Shedding more light on the issue, the Director, Revenue and Investment Mogaji said, “Yes, the auto deduction that was established last year has been working perfectly. Like AGF said, the auto deduction is an advanced way. It’s a mechanism designed to pick the operating surplus in advance from these agencies, and at the end of the day, they will collect, they will compute OPS and see whether they have excess or they have been over-deducted. We have some figures here, but they can’t be taken to be the final lists”.
Chairman of the Committee, Hon. Bamidele Salam said that, UBEC and some other MDAs had complained about how their monies meant for statutory responsibilities were being deducted and used for other purposes by the OAGF.
He said, “There is an ongoing investigation involving UBEC and other agencies. And in the course of the investigation, the UBEC claimed that, for example, there was a shortfall. There was an authority to incur expenditure of November 2025 which was not released by the Accountant General…Another N15 billion from the Commission’s account which has not been refunded. And we actually wondered why these deductions from statutory payments of some of these very critical institutions of government, not only UBEC. We had the same thing with NASENI, N70 billion or more than that? I have different agencies and they complained. So, what is the justification Accountant General?”

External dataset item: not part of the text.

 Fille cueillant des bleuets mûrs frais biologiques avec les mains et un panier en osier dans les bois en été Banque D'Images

Responding, the Accountant General said, “We have instances where at a point in time when we have the need to take monies from some of these agencies to be able to meet critical financial obligations of government. Yes, it’s like a borrow, a loan. We are going to refund it and we have been refunding for those agencies. It’s just to meet those critical obligations.

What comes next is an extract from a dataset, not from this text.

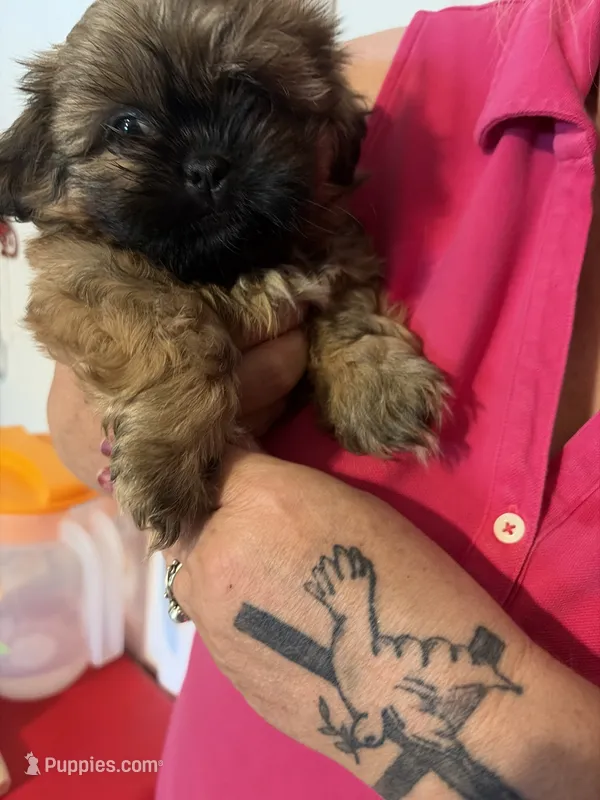 Light brown one – Shih Tzu puppy for sale in Mitchell, IN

“Sir, first and foremost, Accountant General cannot just sit and begging to pick money from account of these agencies. We first analyse, because the directives come from the honourable minister. We first analyse how long these funds have remained in the account unutilised. So, if you have this money like six months and government needs funding.

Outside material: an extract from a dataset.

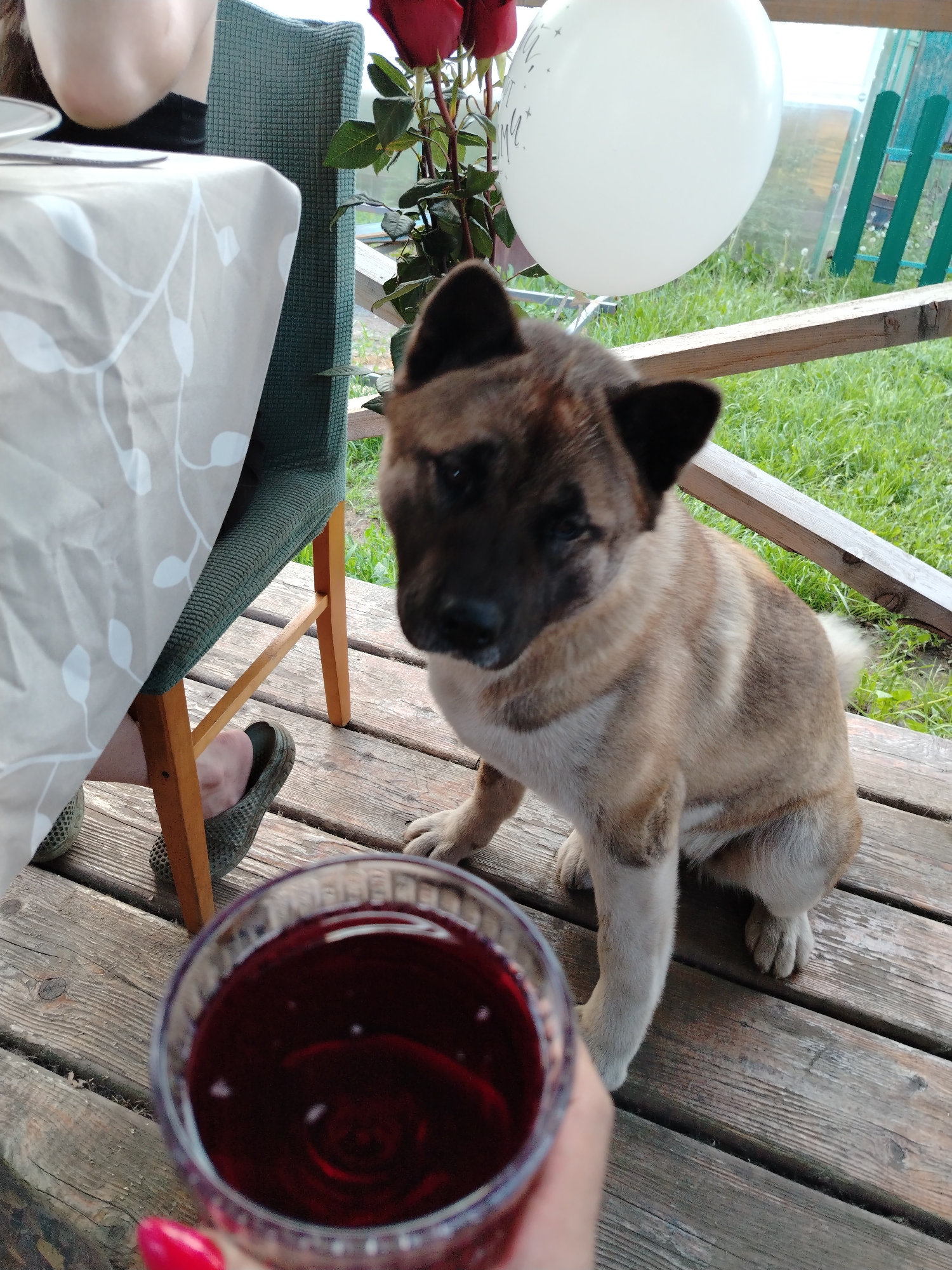 A young Akita dog sits on a wooden deck, looking towards the camera. A hand holding a glass of dark red liquid is in the foreground. In the background, a white balloon and red roses are visible. A table with a patterned tablecloth and a chair are to the left. The dog is light brown with darker markings. The deck appears weathered. The overall setting suggests an outdoor gathering. The location is identified as Рассвет, Russia.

“So we say, let’s take and then we refund your money when you need it. Like Tetfund for instance, we took over 300 and we have refunded the whole to them. So, if you come back and tell us that we need this money now, can you give us that money, then we process and give it back to them”.
However Hon. Salam challenged the OAGF on the alleged deductions and claims of refund to the MDAs which he said was not justified because the MDAs have statutory mandates to execute with the funds.
He asked, “So, which ones have you refunded? UBEC is crying, NASENI is crying, NBC too is crying. We have quite a number of them. We have more than six that are under various investigations here and that is their major claim that they don’t know how to approach this matter, the Accountant General just gets into their accounts so they cannot have the money to use for the primary purpose they were meant for.
“Like the one in UBEC, you will agree with me that the problem we have today including banditry, as a result of our neglect of basic education especially in the northern part of the country. We have about 13.5 million Out-Of-School Children. UBEC is to construct schools, they are to provide infrastructure, instructional materials. They can’t do that because the fund that is statutorily made for them is being taken for other purposes”.